The Anti-Corruption Court in Islamabad on Monday (December 24) sentenced former Prime Minister Nawaz Sharif to seven years in prison for graft, while a Joint Investigation Team (JIT) constituted on the orders of the Supreme Court to investigate the multi-billion rupees fake-accounts scam, has held former President Asif Zardari responsible for the suspicious transactions.
Nawaz Sharif could not prove the source of income related to the ownership of a steel mill in Saudi Arabia, the anti-corruption court said in its ruling.
Nawaz has also been fined $ 25 million.
His two sons, Hassan and Hussain, who are not in Pakistan, were declared absconders by the court.
Nawaz Sharif was released on bail in September after a court in Islamabad suspended his 10-year sentence on corruption charges. He had been imprisoned two months earlier on charges of failing to disclose the source of his wealth.

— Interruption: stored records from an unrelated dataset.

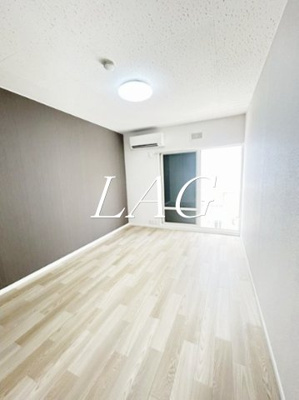 【居間・リビング】 | センチュリー21 | 洋室のお部屋です。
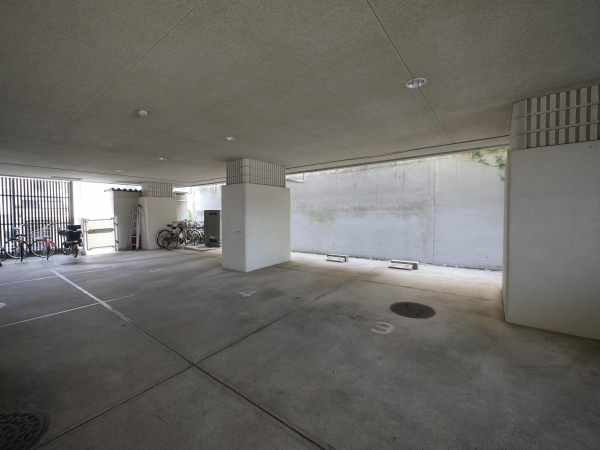 駐車場イメージ2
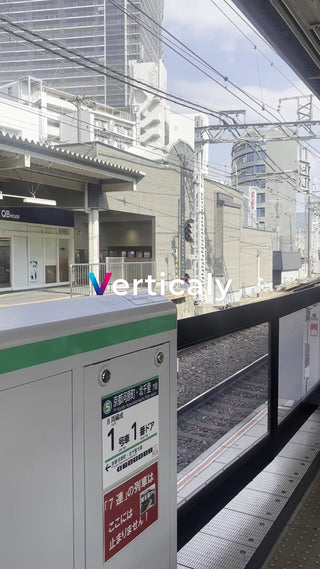 駅のホーム、電車を待つ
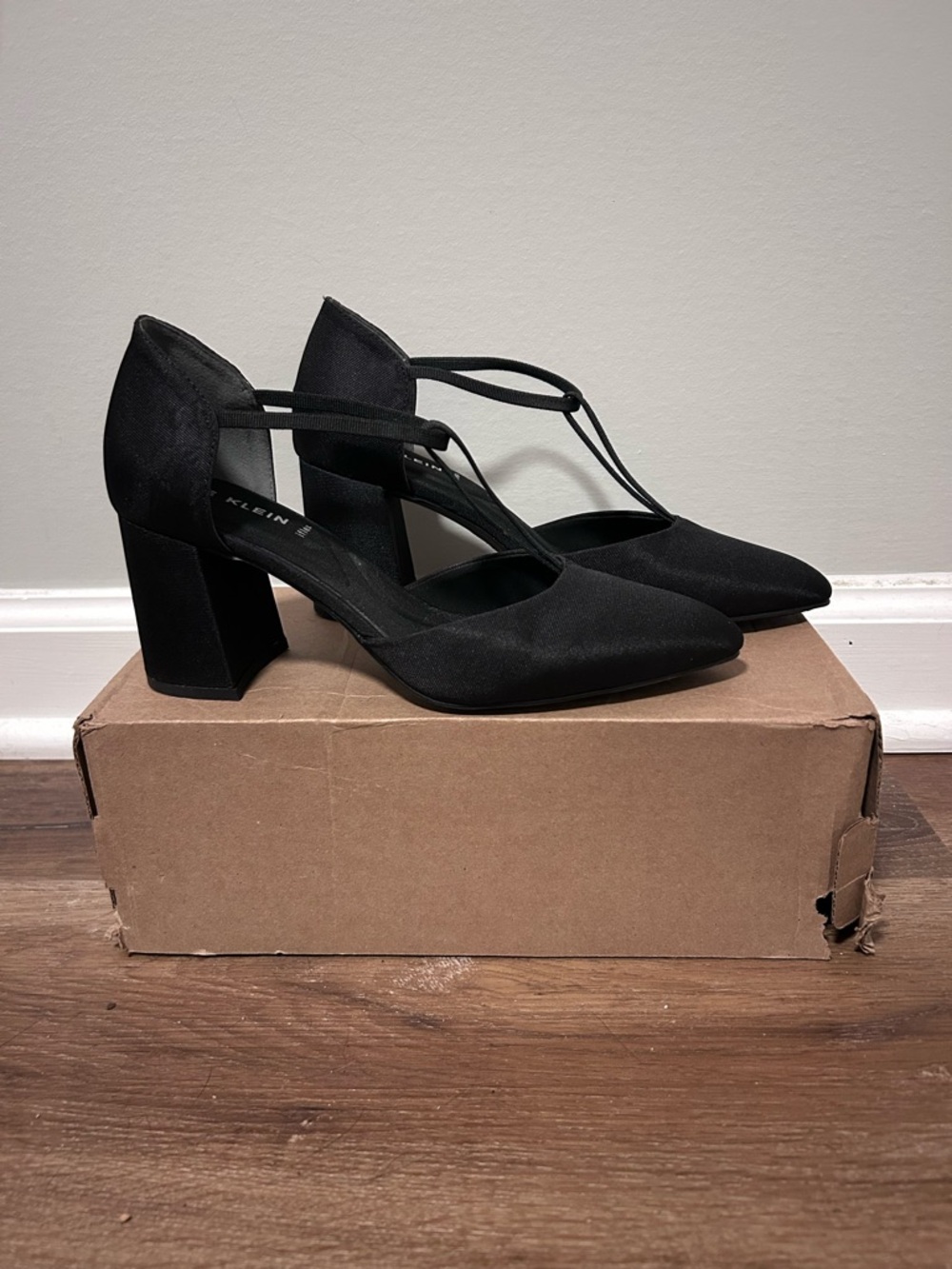Anne Klein Size 7.5 Black T-Strap Block Heel Pumps. Never worn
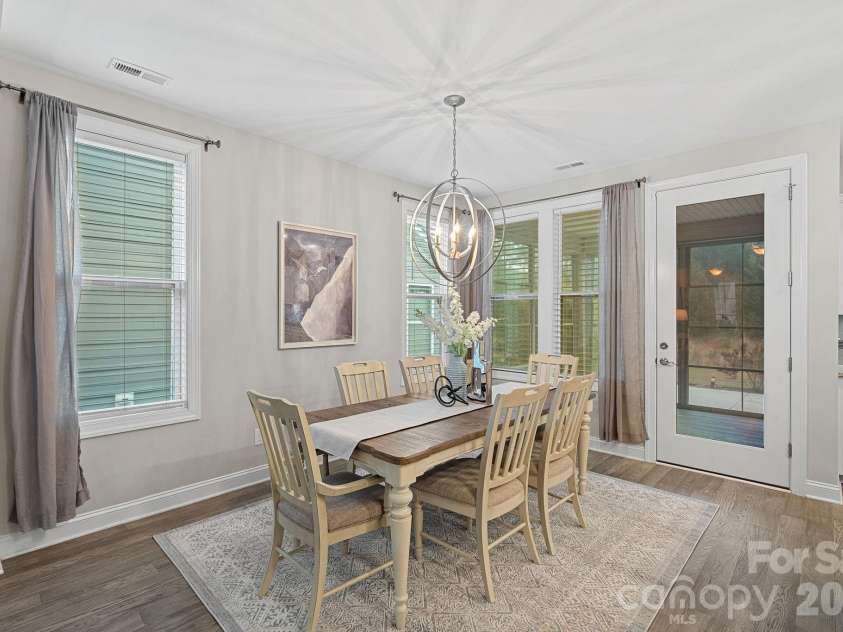 5536 Cheerful Lane, Charlotte, NC 28215.  MLS# CAR4344302, YatesRealty ID 3195. Dining Area - perfect for dinner parties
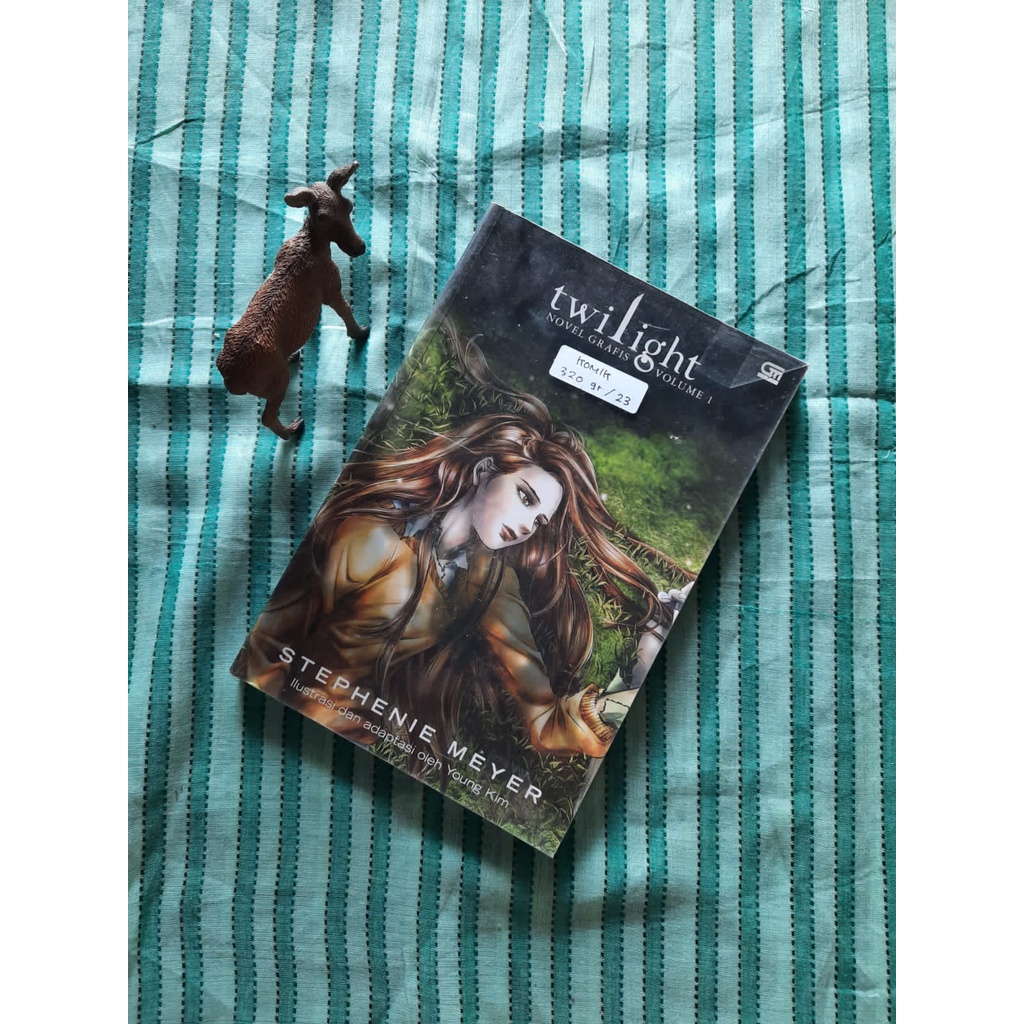 Jual Buku karya stephenie meyer Twilight novel grafis Shopee Indonesia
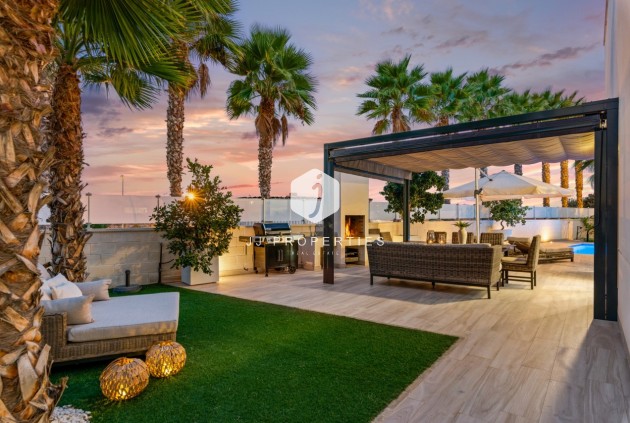 Resale - Villa -
Cabo Roig - Costa Blanca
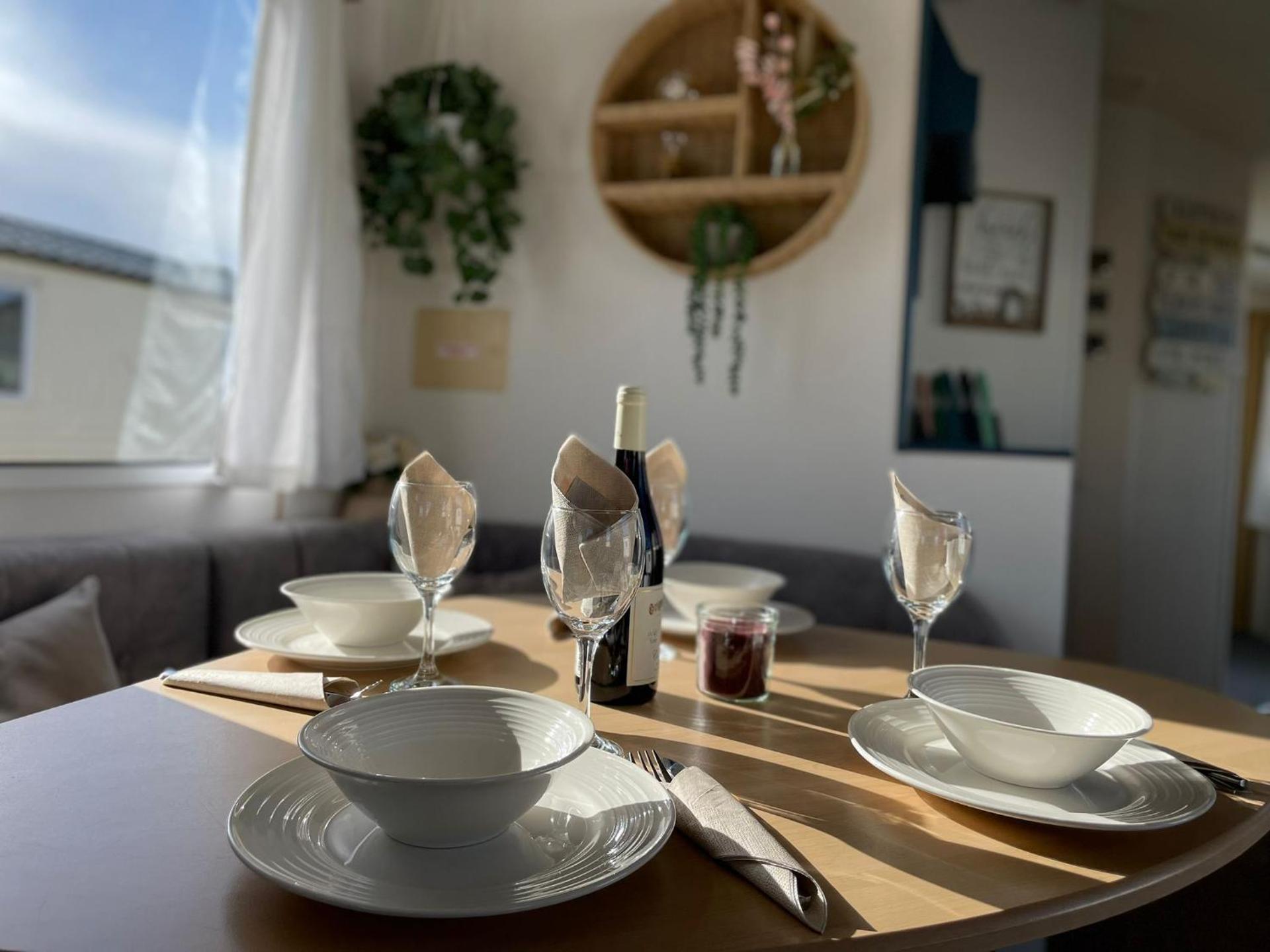 Little Owl - Holiday Home - Caravan Break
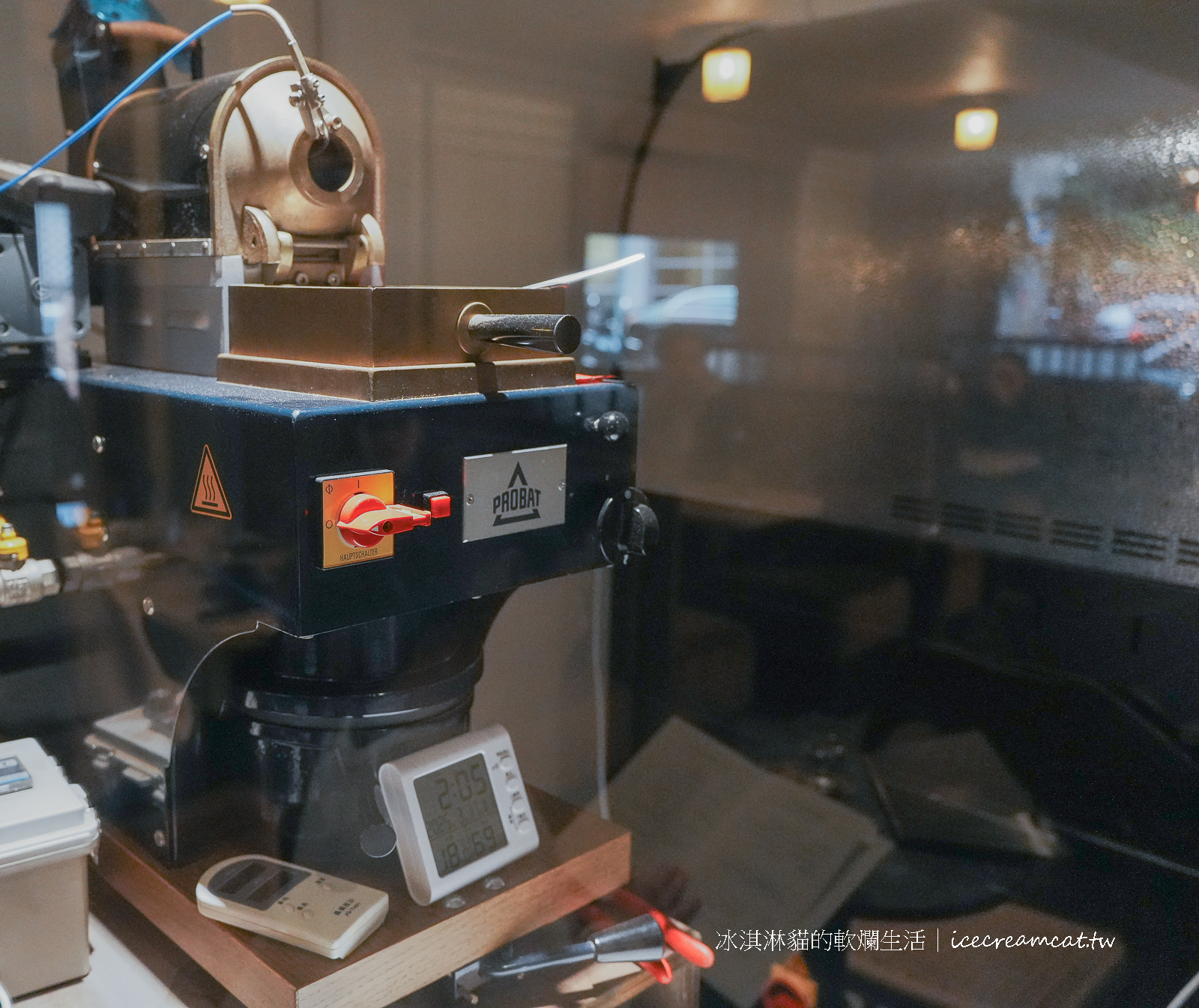 RUFOUS COFFEE ROASTERS 二店｜台北中山國中站新址，入選2025世界百大咖啡館的必訪咖啡廳 @冰淇淋貓的軟爛生活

This followed a long-running case related to his family's ownership of luxury properties in London.
Documents leaked from the Panama-based law firm Mossack Fonseca in 2016 had revealed that Nawaz Sharif's children had links to offshore companies, which were used to buy assets including the London apartments.
Nawaz Sharif removed from office in Panama Papers case
In July 2017, Pakistan's supreme court removed the prime minister, Nawaz Sharif, from office in a unanimous verdict over corruption allegations.
The verdict by the five-member court capped a year of political controversy over corruption allegations unleashed by the 2016 Panama Papers leak.
The papers linked Sharif's children to the purchase of London property through offshore companies in the British Virgin Islands in the early 1990s. At that time the children were minors, and the purchase is assumed to have been made by Sharif.
In its ruling, the court referred all material gathered in the investigation to the court of the national accountability bureau, and recommended opening cases against Sharif, his three children, Mariam, Hassan and Hussain, his son-in-law Muhammad Safdar, and his finance minister Ishaq Dar.
Zardari, Omni Group responsible in fake-accounts scam
In another mega-corruption case, the JIT constituted on the orders of the Supreme Court to investigate the multi-billion rupees fake-accounts scam, has held former president Asif Zardari and his Omni Group responsible for the suspicious transactions.
The JIT Monday presented its probe report before the two-judge bench headed by Chief Justice Mian Saqib Nisar.
The JIT that has been investigating the fake-accounts case recommended a legal course against some 415 key individuals and around 172 entities allegedly involved in transactions of approximately Rs 220 billion through 104 fake accounts.